The first two rounds generally require four ingredients, Young, Character, High Production and RAS of 8.0 or greater. It's after that we start giving more leeway with our parameters.

I think they begin to sacrifice college production and/or RAS at this point in the draft. They also take risks on someone who offers something unique but ultimately ends up being just a tweener. For example Rodgers has a RB body at WR....you could see him carving out a Deebo Samuel type role. Deguara with a Juszczyk role too. You can see the LaFleur influence, this might be the round where head coaches have more of a say when it comes to filling roster holes.

Rodgers has a RAS of 5.35
Sternburger has a RAS of 5.17

They're some of our worst RAS drafted prospects in recent draft history which happens to be in the 3rd round.

If I remember correctly all three I named only have one year of good college production. That's the other aspect of the risks they take in the 3rd round.

Perhaps we also start chasing need instead of BPA.
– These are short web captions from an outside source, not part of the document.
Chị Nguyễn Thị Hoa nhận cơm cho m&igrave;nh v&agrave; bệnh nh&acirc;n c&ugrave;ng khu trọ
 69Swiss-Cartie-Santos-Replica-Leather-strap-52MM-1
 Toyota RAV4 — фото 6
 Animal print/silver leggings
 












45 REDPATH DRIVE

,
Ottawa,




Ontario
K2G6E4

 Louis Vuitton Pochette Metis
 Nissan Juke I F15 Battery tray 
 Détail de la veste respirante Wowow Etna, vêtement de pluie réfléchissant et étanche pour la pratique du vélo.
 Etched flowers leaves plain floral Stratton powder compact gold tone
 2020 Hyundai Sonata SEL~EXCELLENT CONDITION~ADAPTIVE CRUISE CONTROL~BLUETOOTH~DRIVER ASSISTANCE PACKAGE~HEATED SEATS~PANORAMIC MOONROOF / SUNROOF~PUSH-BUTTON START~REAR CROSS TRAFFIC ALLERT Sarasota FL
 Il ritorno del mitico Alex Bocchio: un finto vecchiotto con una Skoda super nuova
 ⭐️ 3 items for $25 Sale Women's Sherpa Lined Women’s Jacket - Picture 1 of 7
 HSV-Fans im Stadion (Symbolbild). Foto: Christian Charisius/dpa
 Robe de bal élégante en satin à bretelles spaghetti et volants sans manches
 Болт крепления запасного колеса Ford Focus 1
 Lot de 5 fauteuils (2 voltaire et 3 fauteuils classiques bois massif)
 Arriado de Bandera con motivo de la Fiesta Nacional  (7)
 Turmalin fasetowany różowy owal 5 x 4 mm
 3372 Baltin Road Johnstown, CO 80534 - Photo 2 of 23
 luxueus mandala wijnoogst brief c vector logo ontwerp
Lots of various little things have affected our 3rd round selections as the Packers have been incredibly experimental and clearly it has not worked.

The good news is that in the last two drafts we're not taking as many risks. They have managed to stick to their four ingredients by drafting Kraft and Rhyan. Rhyan was a bit wobbly for a while there but it seems he's back on track. Kraft was just a utterly perfect fit and probably our best 3rd round selection in years.